Clovercats Thoughts

12.28.2025
Have you ever heard the saying, “You can never go home again”? When I was younger, I don’t think I fully understood what it meant. I always assumed it referred to time - that eventually life would become too busy, that responsibilities would pile up, and that one day you would simply stop returning. It felt like a warning about neglect, about choosing not to go back. Now that I’m a little older, and after enough change has quietly taken place, I think I finally understand what the saying is really about. It isn’t that I don’t want to go home, or that I don’t have the time. It’s that going home, in the way I once understood it, is no longer physically possible.
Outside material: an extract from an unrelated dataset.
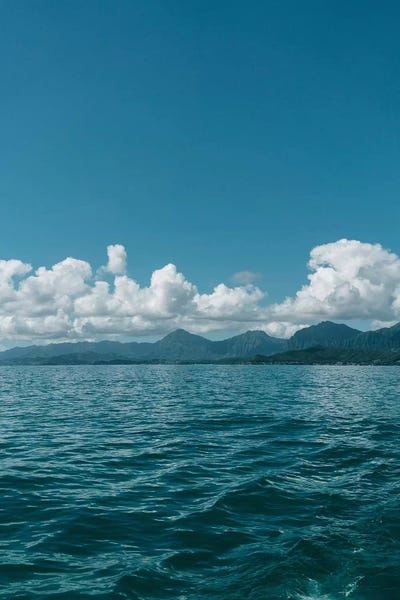 Oahu: Oahu Hawaii IX by Bethany Young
I only realized this when returning to my hometown and noticing how much has disappeared. Buildings I used to pass by every day have vanished, and in their places are new, unfamiliar structures. At a glance everything looks familiar until I look closer. But it's not just the physical changes that are there. People have changed too. Some are no longer there, and the ones that are, might as well be strangers. I guess time changed everyone, I am most likely a stranger in their eyes as well. Home, I've learned, isn't just a place; it's made of people, moments, versions of ourselves that no longer exist. I know I've always been told to appreciate the present by others. I've heard it countless of times, and even agreed with it. But it wasn't until the past became unreachable that I think I fully understood what it meant. You don’t realize you’re leaving something behind until you try to return and find that it’s already gone.
12.22.2025
While I am not a physicist, I do take interest in the subject. As such I've taken a couple courses for fun on the topic, and in some of them, they've taught us about entanglement. Entanglement is when two or more quantum particles becomes linked so they share one quantum state. To put it more simply, it is now impossible to write the two particles as two separate entities. Their quantum states habe become correlated, no matter how far away we take the two particles apart after they have become entangled. In fact, this phenomenon is what has won the nobel prize on quantum teleporation. Many people have used this phenomenon in quite clever methods taking advantage of the fact that irresponsible of distance, that they will be entangled still. One such example is quantum teleportation, where through the use of two entangled particles they can 'teleport' a qubits state regardless of the distance between the send and the recipient. In fact, this experiment has been repeated from space and extraordinarily, worked quite well. While this phenomenon is generally talking about particles in Quantum physics - the study of physics on extremely small particles like photons - I can't help but think there is something analogous at a much larger, human scale. Much like those smaller particles, Although I am now very far away from my family and friends, it feels impossible to fully describe who I am without them. There are parts of my personality, habits I don’t notice, and ways of thinking that only exist because of time spent together. In physics, there are many precise and well-defined ways to entangle particles. A simple example is shown below, where a quantum circuit links to particles in a shared state, making it impossible to describe one without also referencing the other.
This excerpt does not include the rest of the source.